» **Your task**: Below is a listing; transcribe it exactly but without any images.

» **Input data**:

——

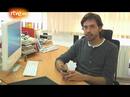 Ir al Video&nbsp;Ponemos a prueba al nuevo Windows Phone 7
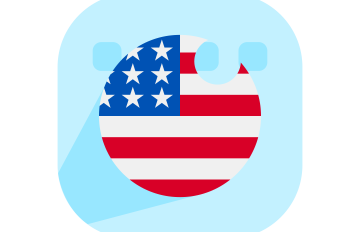 USA Local Citations
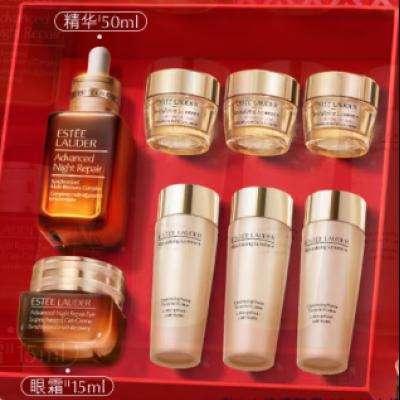 ESTEE LAUDER ʫ СƿƷװ ƿ50ml+15ml1260.02Ԫȯ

——

» **Exercise response**:
 Ir al Video&nbsp;Ponemos a prueba al nuevo Windows Phone 7
 USA Local Citations
 ESTEE LAUDER ʫ СƿƷװ ƿ50ml+15ml1260.02Ԫȯ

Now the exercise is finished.